How do you solve #(x-2)/(x^2-7x+10)=1/(5x-10)-1/(x-5)#?

3 Answers
Dec 29, 2015

Answer:

Simplify by getting everything on the same common denominator and then rearrange to find x

Explanation:

#(x-2)/((x-2)(x-5)) = ((x-5) - (5x - 10))/((5x - 10)(x-5))#
#(x-2)/((x-2)(x-5)) = (-4x + 5)/(5(x-2)(x-5)#
#5(x-2) = (5 - 4x)#
#5x + 4x = 5 + 10#
#x = 15/9 = 5/3#

Dec 31, 2015

Answer:

You can simplify the left side.

Explanation:

Obtaining the roots for #x^2-7x+10=0#
#Delta = 49 -40= 9#
#x=(7+-sqrt(9))/2# => #x_1 = 2# and #x_2=5#
Then #x^2-7x+10 = (x-x_1)(x-x_2)=(x-2)(x-5)#

In the expression:
#cancel(x-2)/(cancel((x-2))(x-5))=1/(5x-10)-1/(x-5)#
#2/(x-5)=1/(5x-10)#
#10x-20=x-5#
#9x=15# => #x=5/3#

Jan 9, 2016

Answer:

#x=5/3#

Explanation:

Factor each denominator.

#(x-2)/((x-5)(x-2))=1/(5(x-2))-1/(x-5)#

Simplify the first fraction by dividing #(x-2)/(x-2)=1#.

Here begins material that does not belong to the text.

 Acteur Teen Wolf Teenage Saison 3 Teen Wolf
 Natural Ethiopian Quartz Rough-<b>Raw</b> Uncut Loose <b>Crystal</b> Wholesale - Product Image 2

#1/(x-5)=1/(5(x-2))-1/(x-5)#

Add #1/(x-5)# to both sides.

#2/(x-5)=1/(5(x-2)#

Cross multiply.

#10(x-2)=x-5#

Simplify and solve.

#10x-20=x-5#

#9x-20=-5#

#9x=15#

#x=15/9#

#x=5/3#

When solving rational equations such as these, it's always a good idea to go back and check that this answer isn't an invalid answer. Invalidity would occur if #x=5/3# caused a denominator to equal #0#, but the only two values for #x# that would cause that here are #2# and #5#, so this is a valid answer.